Il sentiero per Acuto e il lupo
Oltre che a Fiuggi, padre Salvatore è ricordato particolarmente ad Acuto dove svolgeva il suo ministero sacerdotale quotidiano. Ogni mattina usciva sempre a piedi dal convento quando era ancora buio, incurante del tempo buono o cattivo; scendeva il ripido sentiero e, attraversato il fosso, risaliva il monte di fronte, “iu carpunetto”, e andava via in montagna a svolgere il suo ministero sacerdotale ad Acuto nella parrocchia di Maria SS. Assunta in cielo, attigua al monastero delle Suore Adoratrici del Preziosissimo Sangue.La strada che percorreva a volte era un viottolo ed a volte era un sentiero appena tracciato, con sassi e rovi; raramente incontrava qualche persona, spesso, invece, incontrava animali d’ogni genere. Ricordo con grande meraviglia che la gente raccontava con gusto la storia del frate e del lupo, accaduta su questo sentiero: una mattina, presto, percorrendo il viottolo che porta dal convento di Fiuggi ad Acuto, incontrò un lupo. Padre Salvatore si calò il cappuccio in testa, si mise camminare a quattro zampe fissando intensamente frate lupo. L’animale avvertì il gesto di umiltà e di simpatia e si allontanò quieto e silenzioso nel bosco.
La lista della spesa
La gente di Acuto ricorda ancora oggi padre Salvatore come “il frate che faceva la spesa per tutti”. Sì, perché il frate – raccontano i vecchi - tornava a Fiuggi portando con sé la lista della spesa che la povera gente gli consegnava: il giorno dopo, padre Salvatore tornava ad Acuto col suo bel fagotto appeso al bastone che portava sulla spalla: dentro c’era pane, frutta, verdura, qualche volta salame e prosciutto; sempre, in quel fagotto c’erano dei medicinali, perché ad Acuto non c’era una farmacia. Era davvero l’uomo atteso ogni giorno per soddisfare le esigenze del corpo e dello spirito. Il popolo di Acuto, in segno di riconoscenza e per mantenere sempre vivo il suo ricordo, gli ha dedicato una memoria nel cimitero della città, vicino all’ingresso, entrando, a sinistra.

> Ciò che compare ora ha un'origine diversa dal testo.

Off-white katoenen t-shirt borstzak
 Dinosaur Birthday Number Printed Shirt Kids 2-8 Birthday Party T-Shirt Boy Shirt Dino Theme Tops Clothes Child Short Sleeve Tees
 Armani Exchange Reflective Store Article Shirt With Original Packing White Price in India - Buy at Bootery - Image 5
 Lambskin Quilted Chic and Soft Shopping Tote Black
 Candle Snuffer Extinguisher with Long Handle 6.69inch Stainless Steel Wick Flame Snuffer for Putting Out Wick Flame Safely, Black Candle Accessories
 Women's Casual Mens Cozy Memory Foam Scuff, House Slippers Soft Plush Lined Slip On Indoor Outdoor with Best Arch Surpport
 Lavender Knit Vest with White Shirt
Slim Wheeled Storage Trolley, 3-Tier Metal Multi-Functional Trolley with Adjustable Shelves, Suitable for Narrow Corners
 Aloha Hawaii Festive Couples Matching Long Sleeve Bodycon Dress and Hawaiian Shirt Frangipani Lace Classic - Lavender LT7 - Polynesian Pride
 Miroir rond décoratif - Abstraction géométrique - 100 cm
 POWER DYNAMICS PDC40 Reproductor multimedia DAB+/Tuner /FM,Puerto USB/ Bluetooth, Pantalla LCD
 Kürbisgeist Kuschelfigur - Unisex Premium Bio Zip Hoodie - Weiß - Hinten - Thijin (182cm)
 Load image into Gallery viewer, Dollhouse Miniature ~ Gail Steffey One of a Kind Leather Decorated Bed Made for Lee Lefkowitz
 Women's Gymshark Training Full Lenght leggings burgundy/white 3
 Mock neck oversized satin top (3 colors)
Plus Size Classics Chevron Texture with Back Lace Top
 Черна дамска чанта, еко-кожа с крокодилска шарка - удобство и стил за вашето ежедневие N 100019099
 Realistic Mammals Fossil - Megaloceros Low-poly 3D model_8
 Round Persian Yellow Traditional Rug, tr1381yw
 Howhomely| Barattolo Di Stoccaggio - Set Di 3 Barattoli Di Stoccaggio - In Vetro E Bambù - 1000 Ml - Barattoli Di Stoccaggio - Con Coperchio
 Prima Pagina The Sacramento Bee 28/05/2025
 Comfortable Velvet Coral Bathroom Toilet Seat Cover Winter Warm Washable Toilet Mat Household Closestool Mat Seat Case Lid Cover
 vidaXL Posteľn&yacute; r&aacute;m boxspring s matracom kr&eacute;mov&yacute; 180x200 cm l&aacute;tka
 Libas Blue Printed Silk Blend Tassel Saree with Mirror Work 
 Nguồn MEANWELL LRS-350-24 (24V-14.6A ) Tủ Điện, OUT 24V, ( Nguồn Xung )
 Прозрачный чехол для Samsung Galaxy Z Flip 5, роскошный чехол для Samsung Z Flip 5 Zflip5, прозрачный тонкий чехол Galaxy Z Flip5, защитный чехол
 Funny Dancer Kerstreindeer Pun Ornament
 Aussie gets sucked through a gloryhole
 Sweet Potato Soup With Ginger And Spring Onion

Sulla stele è scritto in lettere di bronzo: “Il popolo di Acuto ricorda con affetto e gratitudine padre Salvatore, padre cappuccino, che per lunghi anni, specialmente nel triste periodo della seconda guerra mondiale, fu per tutti i cittadini di Acuto un grande benefattore, un fulgido esempio di profonda umanità, un amico sincero, un sacerdote caritatevole e di eccelse virtù, degno figlio di san Francesco. Acuto, 23, 1984. Unita ai suoi concittadini nel medesimo ricordo la Signora Necci Giuliana fa dono di questa lapide”. Padre Salvatore, con i due centesimi avuti in dono dal buon Dio, lo ha servito nella vita di ogni giorno in umiltà senza riserve. Per questo era diventato per la gente un’ istituzione che impersonava la Chiesa, il sacerdote, il cappuccino. Per questo, soprattutto, la sua memoria è una benedizione.